● Task details
When a picture appears among the records, leave it out, and copy all else exactly.

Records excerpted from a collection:
○ ○ ○ ○ ○ ○ ○

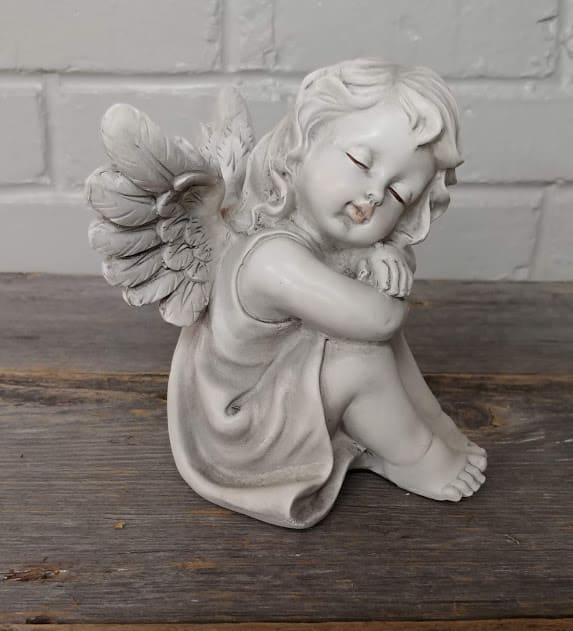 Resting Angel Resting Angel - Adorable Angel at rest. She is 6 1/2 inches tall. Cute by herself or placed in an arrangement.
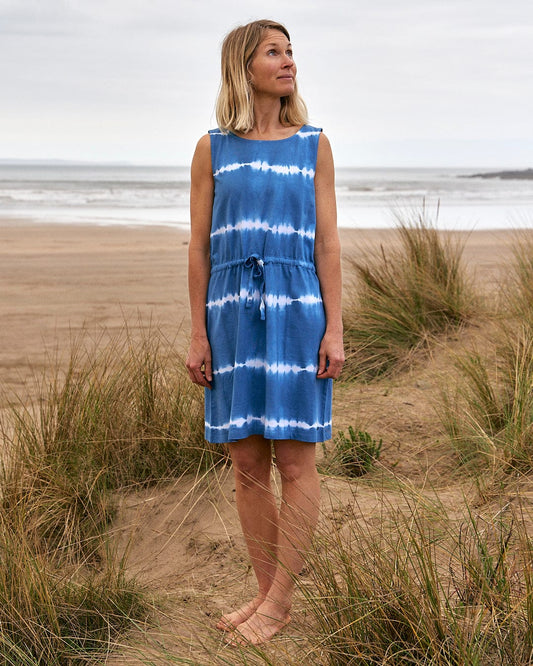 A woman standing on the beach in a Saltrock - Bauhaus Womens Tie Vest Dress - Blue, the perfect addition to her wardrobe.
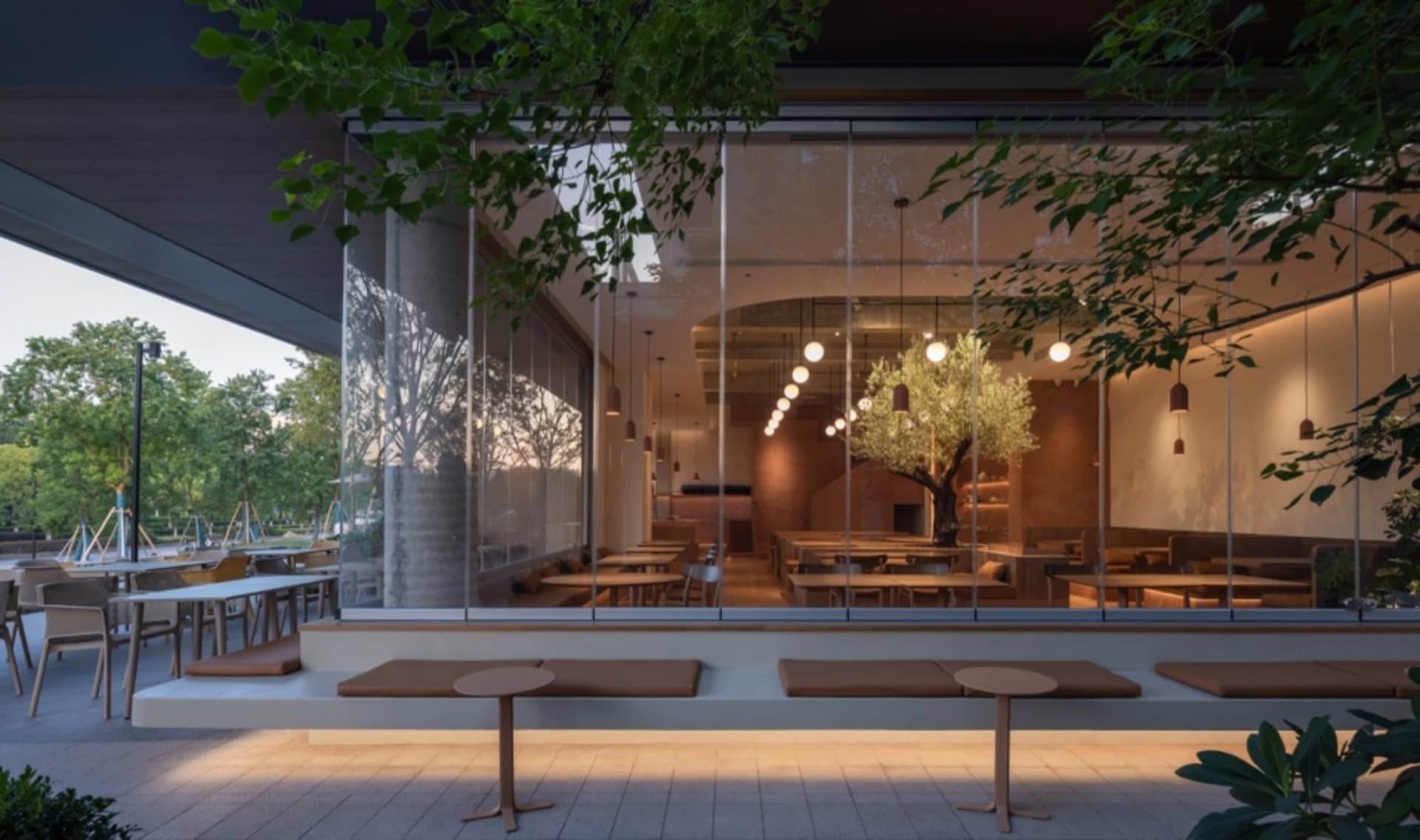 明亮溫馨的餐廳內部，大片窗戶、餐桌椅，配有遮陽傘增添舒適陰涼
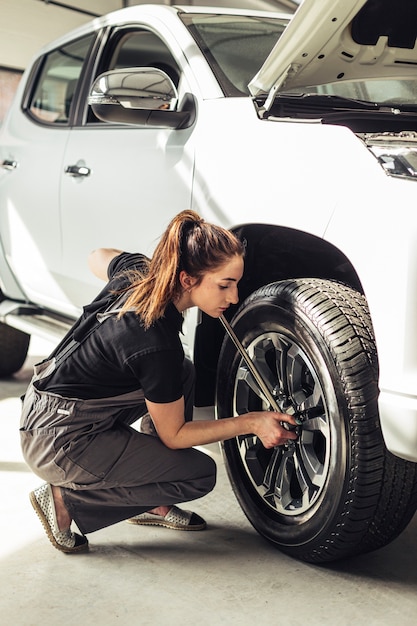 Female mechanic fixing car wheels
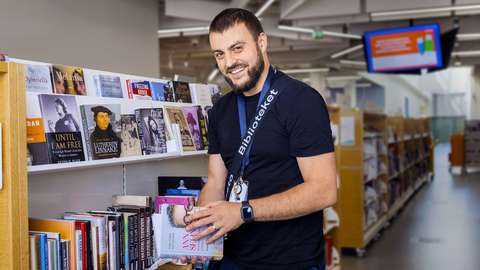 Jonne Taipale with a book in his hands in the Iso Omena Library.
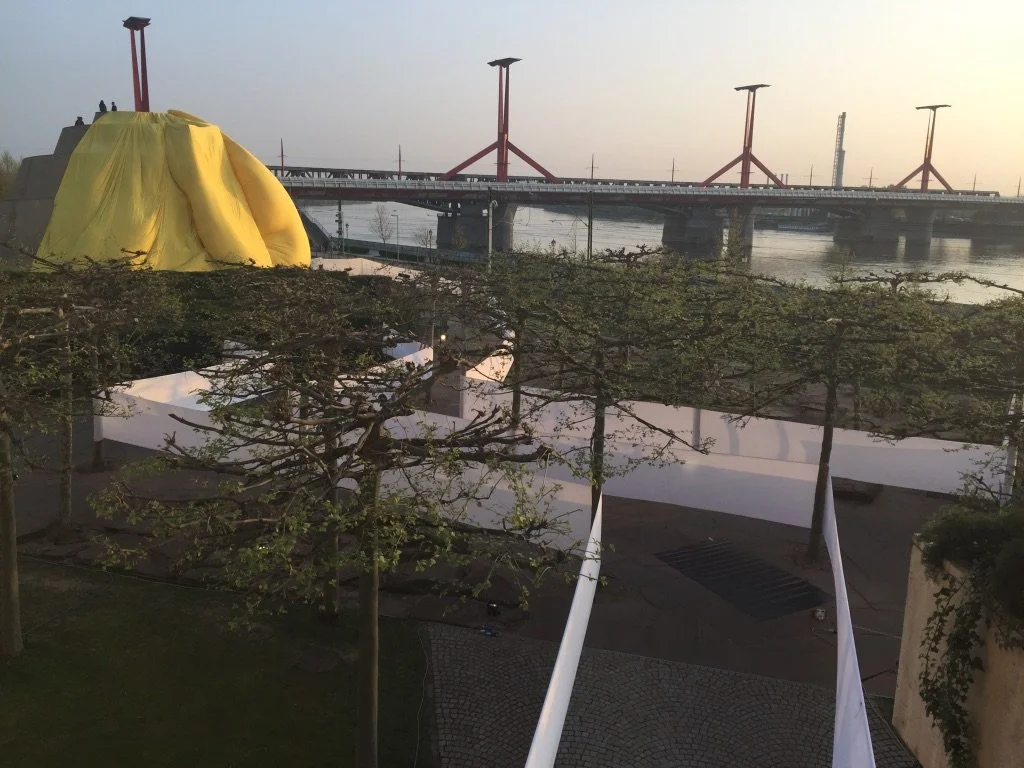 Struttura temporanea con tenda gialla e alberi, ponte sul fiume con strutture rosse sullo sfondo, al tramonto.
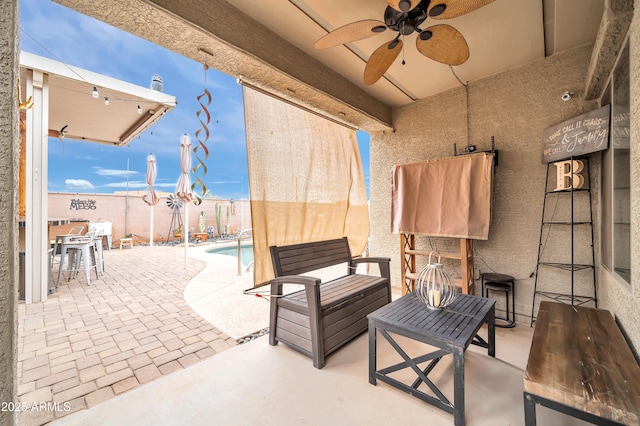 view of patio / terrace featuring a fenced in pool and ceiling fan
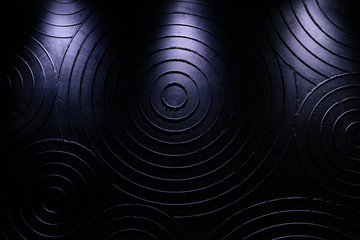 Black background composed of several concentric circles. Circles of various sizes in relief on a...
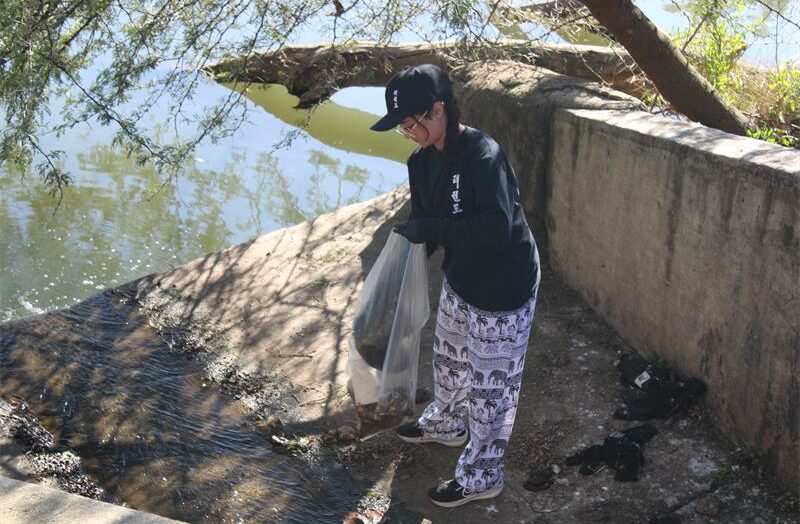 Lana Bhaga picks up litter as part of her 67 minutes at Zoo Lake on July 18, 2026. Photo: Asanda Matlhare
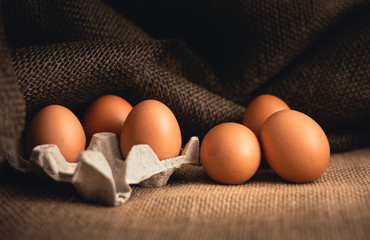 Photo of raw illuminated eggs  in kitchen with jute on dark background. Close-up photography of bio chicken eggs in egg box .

○ ○ ○ ○ ○ ○ ○

● Task solution
 Resting Angel Resting Angel - Adorable Angel at rest. She is 6 1/2 inches tall. Cute by herself or placed in an arrangement.
 A woman standing on the beach in a Saltrock - Bauhaus Womens Tie Vest Dress - Blue, the perfect addition to her wardrobe.
 明亮溫馨的餐廳內部，大片窗戶、餐桌椅，配有遮陽傘增添舒適陰涼
 Female mechanic fixing car wheels
 Jonne Taipale with a book in his hands in the Iso Omena Library.
 Struttura temporanea con tenda gialla e alberi, ponte sul fiume con strutture rosse sullo sfondo, al tramonto.
 view of patio / terrace featuring a fenced in pool and ceiling fan
 Black background composed of several concentric circles. Circles of various sizes in relief on a...
 Lana Bhaga picks up litter as part of her 67 minutes at Zoo Lake on July 18, 2026. Photo: Asanda Matlhare
 Photo of raw illuminated eggs  in kitchen with jute on dark background. Close-up photography of bio chicken eggs in egg box .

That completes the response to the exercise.